UU MD3 Digugat, Minta Keterwakilan 30 Persen Perempuan pada Pimpinan AKD
JAKARTA, KOMPAS.com - Mahkamah Konstitusi (MK) menggelar sidang uji materi Undang-Undang Nomor 17 Tahun 2014 tentang Majelis Permusyawaratan Rakyat, Dewan Perwakilan Rakyat, Dewan Perwakilan Daerah, dan Dewan Perwakilan Rakyat Daerah (UU MD3 2014) dan UU MD3 Tahun 2018 terhadap UUD 1945.
Agenda sidang yakni perbaikan permohonan perkara nomor 169/PUU-XXII/2024 yang diajukan oleh Koalisi Perempuan Indonesia, Perkumpulan untuk Pemilu dan Demokrasi (Perludem), Kalyanamitra, dan Titi Anggraini.
Dalam sidang panel yang digelar pada Senin (23/12/2024) dan dipimpin Hakim Konstitusi Saldi Isra, kuasa hukum para pemohon, Sandy Yudha Pratama Hulu menyampaikan perbaikan pada bagian posita dan petitum.
Pada perbaikan petitumnya, para pemohon meminta penetapan paling sedikit 30 persen perempuan pada pimpinan alat kelengkapan dewan (AKD).
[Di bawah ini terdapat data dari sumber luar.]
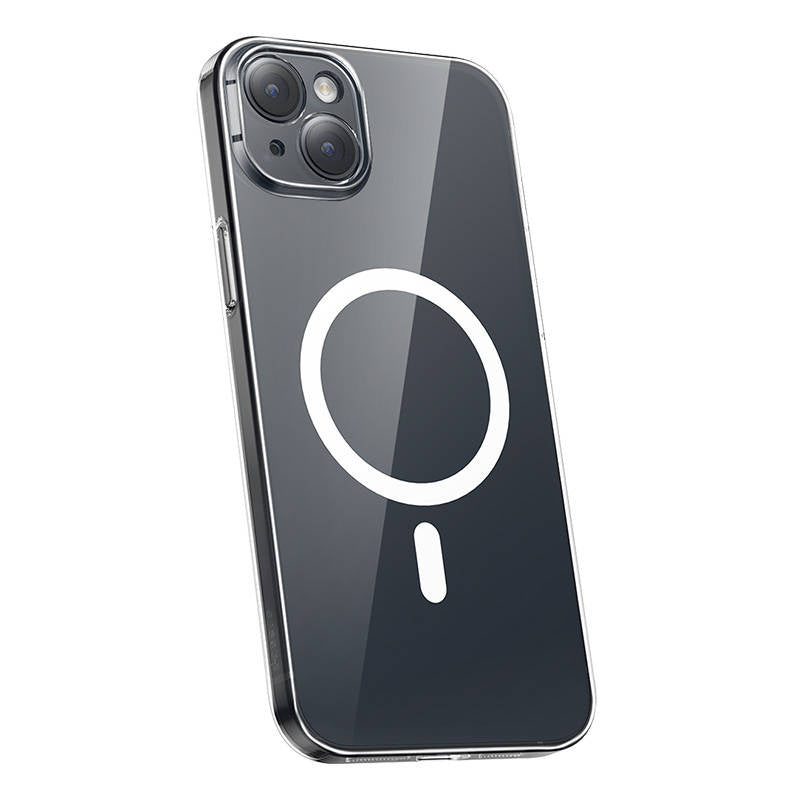 Baseus Μαγνητική Θήκη Magnetic Crystal Clear για iPhone 13 + Προστατευτικό Οθόνης Tempered Glass (Διαφανές)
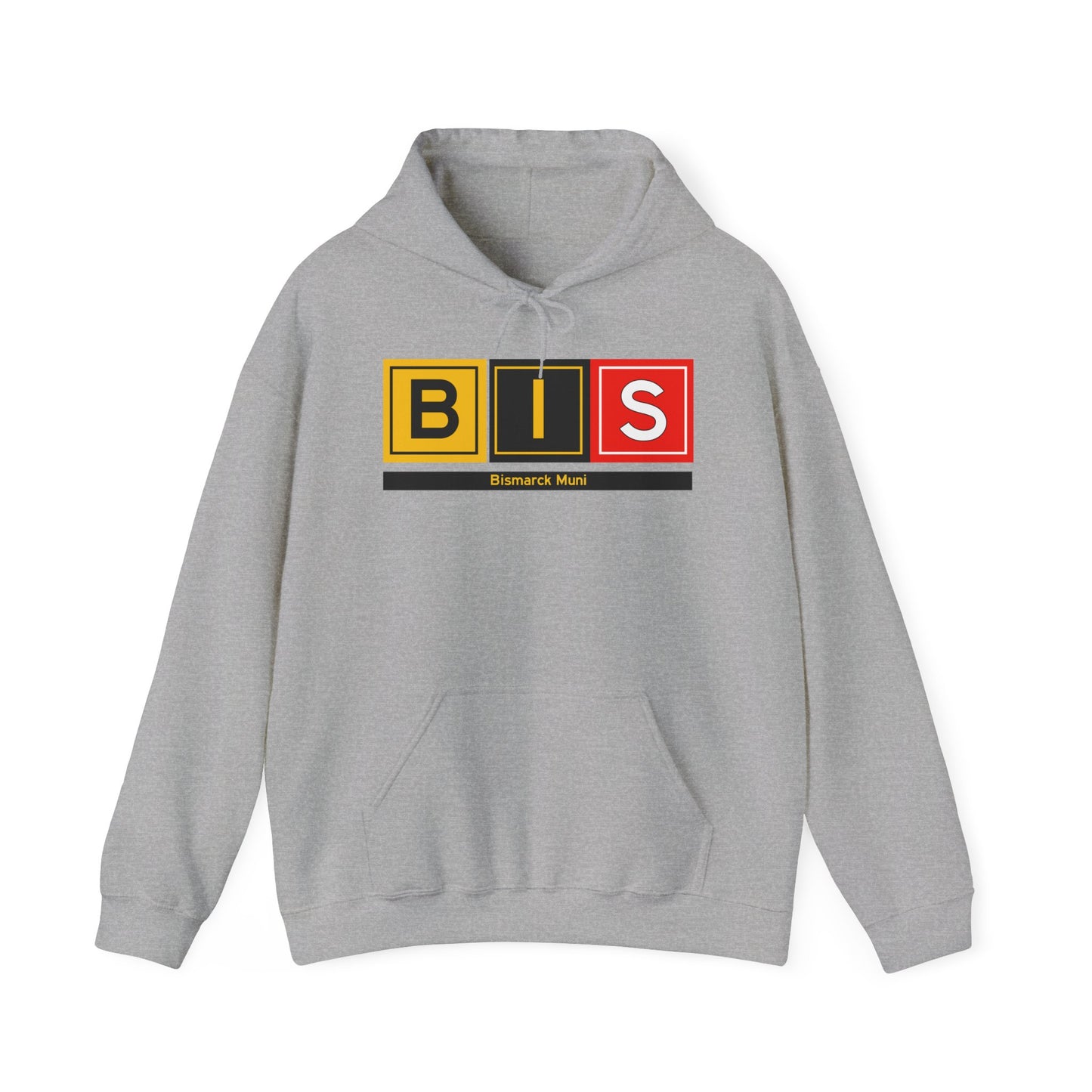 BIS Taxiway Hoodie w/ Airport Name | Bismarck Municipal Airport Hoodie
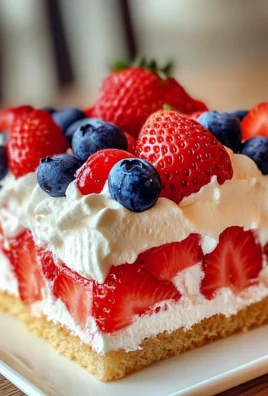 Easy Strawberry Jello Flag Cake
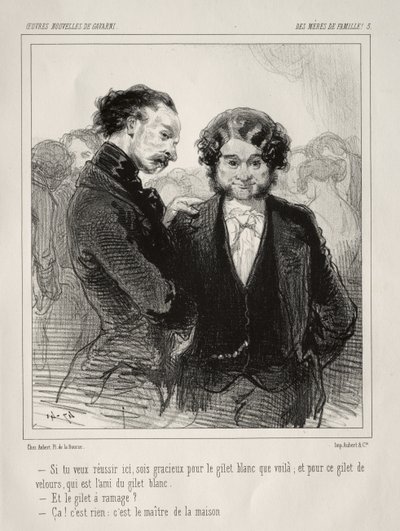 Des Mères de Famille! door Paul Gavarni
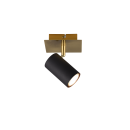 Trio 802400180 nástenné svietidlo Marley 1x25W | GU10 - zlatá, čierna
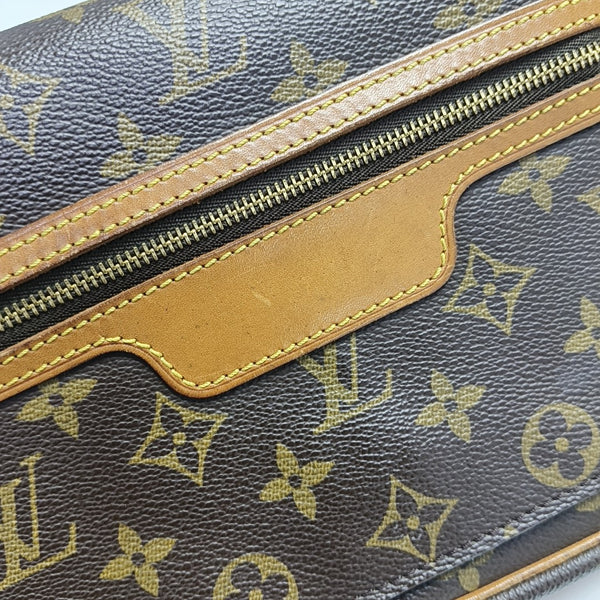 VINTAGE SAINT GERMAIN PM Monogram Coated Canvas Brown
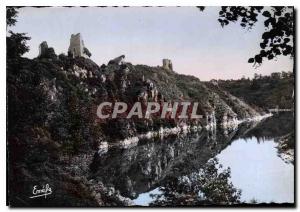 Modern Postcard Picturesque Creuse Crozant Ruins of Castle XII century feudal...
Selain itu, ada perbaikan posita atau bagian dalil yang diajukan dalam sidang tersebut.
"Di halaman 20, kami sampaikan mengenai apa yang berbeda dengan permohonan ini dibandingkan dengan Putusan Nomor 82 dan 89/PUU-XII/2014," kata Sandy.
Sementara itu, pada posita bagian b, Sandy menjelaskan hilangnya pengarusutamaan gender dalam UU MD3 karena pengabaian Putusan 82/PUU-XII/2014.
Hal ini bertentangan dengan prinsip negara hukum, sebagaimana dijamin pada Pasal 1 Ayat (3) UUD 1945.
"Dalam perbaikan permohonan ini, di halaman 24, 25, 26, dan 27, kami juga sampaikan bahwa terdapat constitutional disobedience atau pembangkangan konstitusi dalam pengaturan keterwakilan perempuan pada pimpinan alat kelengkapan dewan," ucap Sandy.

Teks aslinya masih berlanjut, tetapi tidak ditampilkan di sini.